*** RECORDS PROVIDED

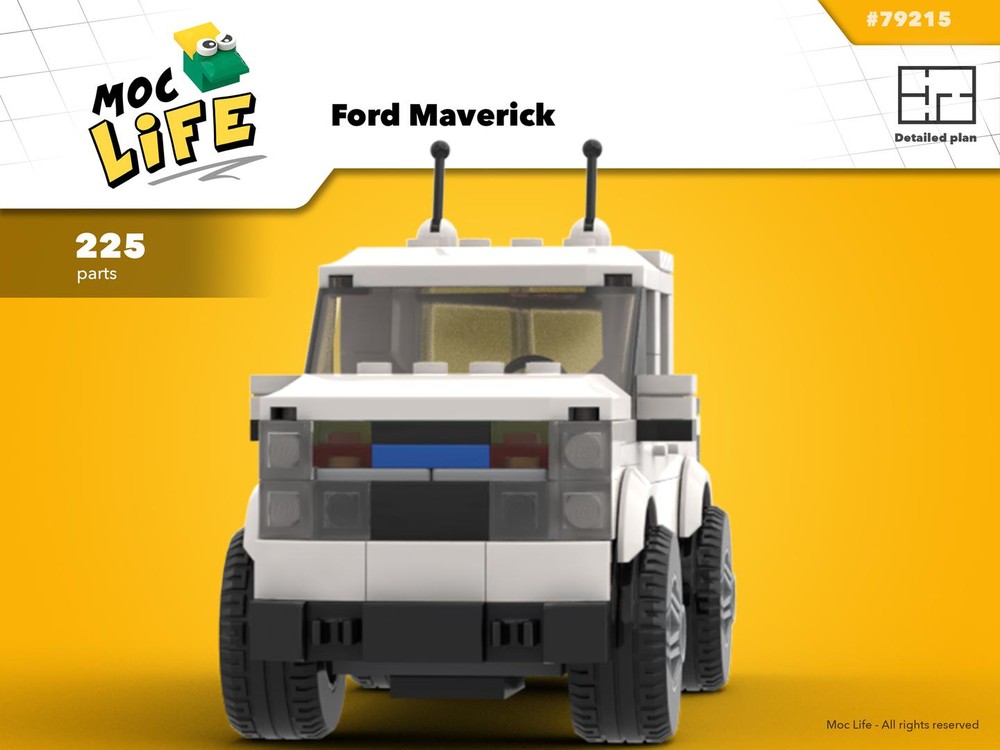 Lego Ford Maverick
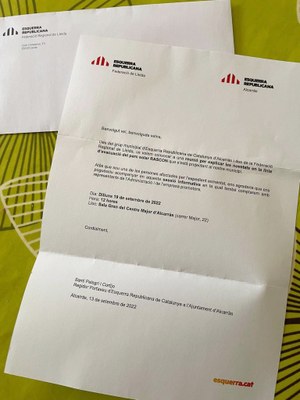  Alcarràs denuncia "l'acord secret" d'Acció Climàtica amb les promotores per no soterrar les línies d'evacuació dels parcs solars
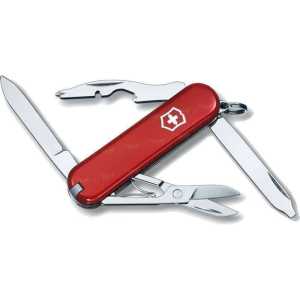 Нож VICTORINOX 0.6363 Rambler красный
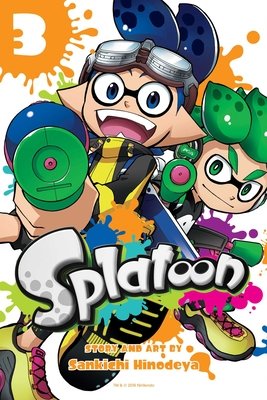 Cover of Splatoon Vol 3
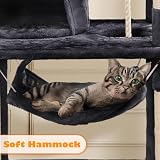 Yaheetech 158cm Multi Level Cat Tree Tower Large Scratching Posts Condos Perches view 6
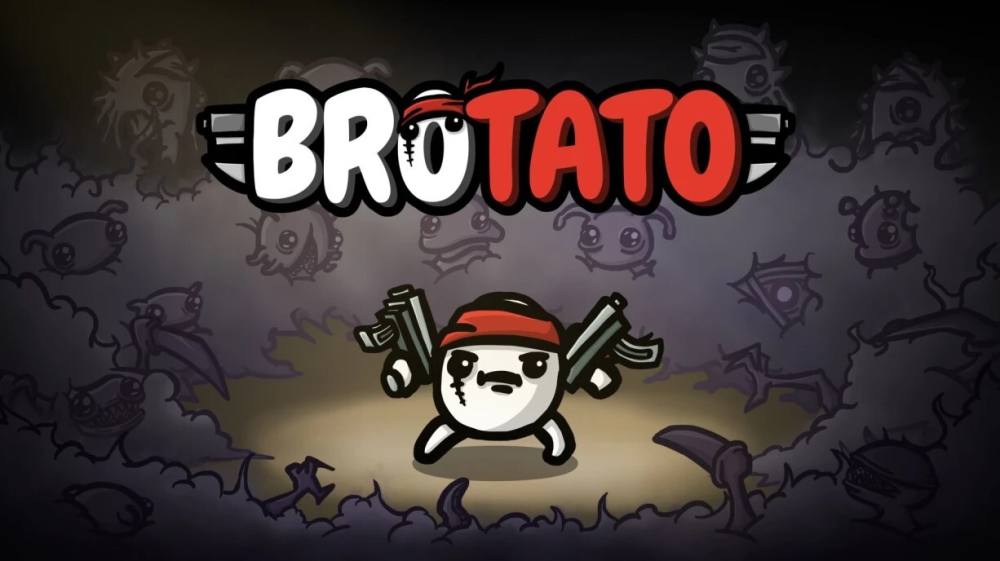 Обкладинка для В Epic Games Store почалася роздача Brotato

******

TASK PROMPT » Output, word for word, the full listing above, with no pictures.

EXERCISE RESPONSE »
 Lego Ford Maverick
  Alcarràs denuncia "l'acord secret" d'Acció Climàtica amb les promotores per no soterrar les línies d'evacuació dels parcs solars
 Нож VICTORINOX 0.6363 Rambler красный
 Cover of Splatoon Vol 3
 Yaheetech 158cm Multi Level Cat Tree Tower Large Scratching Posts Condos Perches view 6
 Обкладинка для В Epic Games Store почалася роздача Brotato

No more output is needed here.